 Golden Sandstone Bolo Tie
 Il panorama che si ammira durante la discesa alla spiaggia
* * *
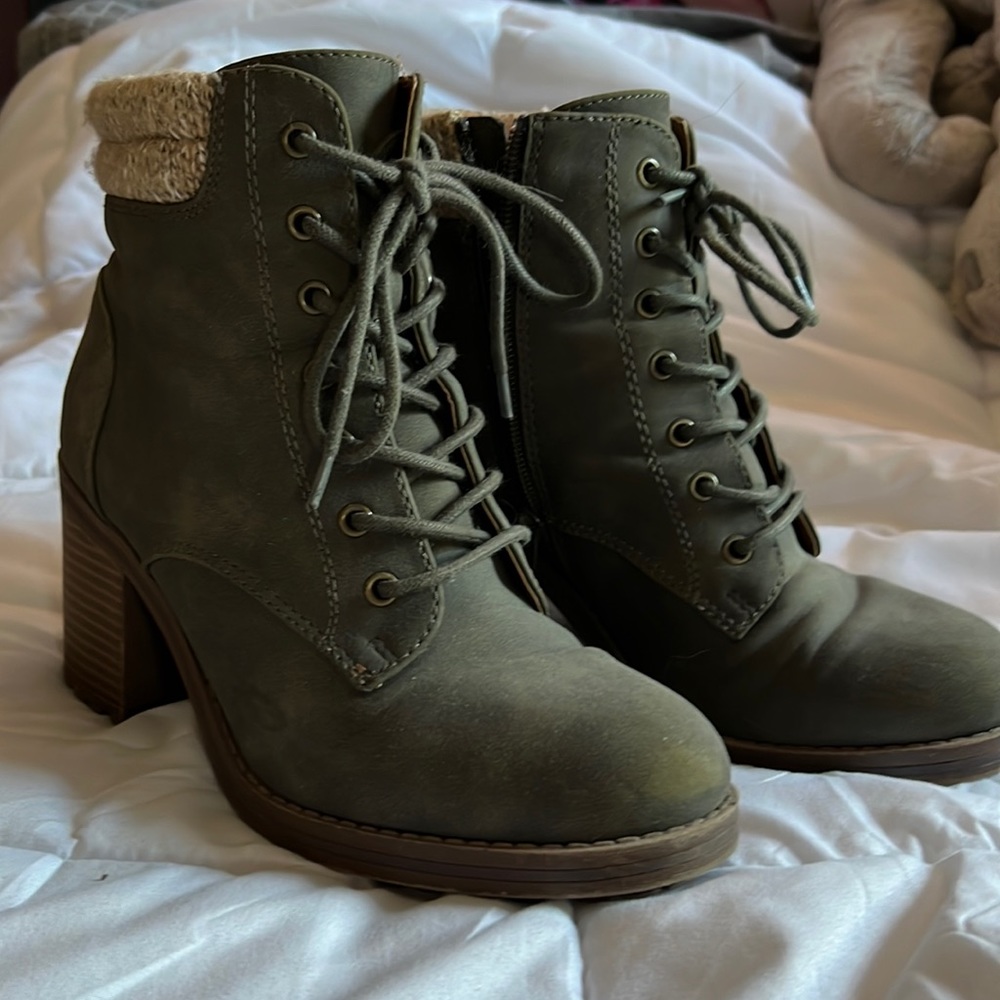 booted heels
---
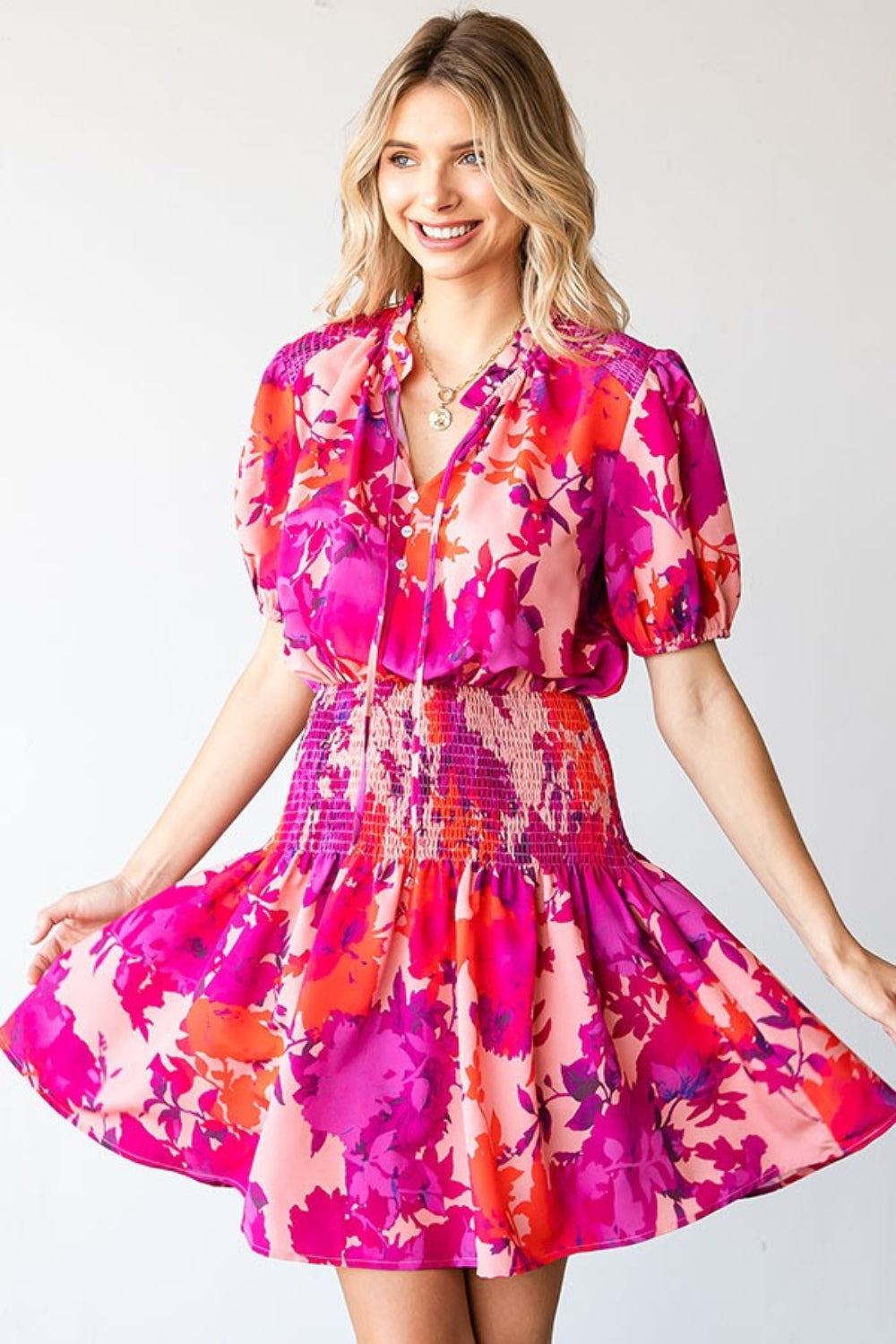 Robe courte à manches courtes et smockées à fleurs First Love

What you are asked to do = Given the records above, restate word for word only the lines starting at the one with "Golden Sandstone Bolo Tie" and ending at the one with "Il panorama che".

Solved exercise =
 Golden Sandstone Bolo Tie
 Il panorama che si ammira durante la discesa alla spiaggia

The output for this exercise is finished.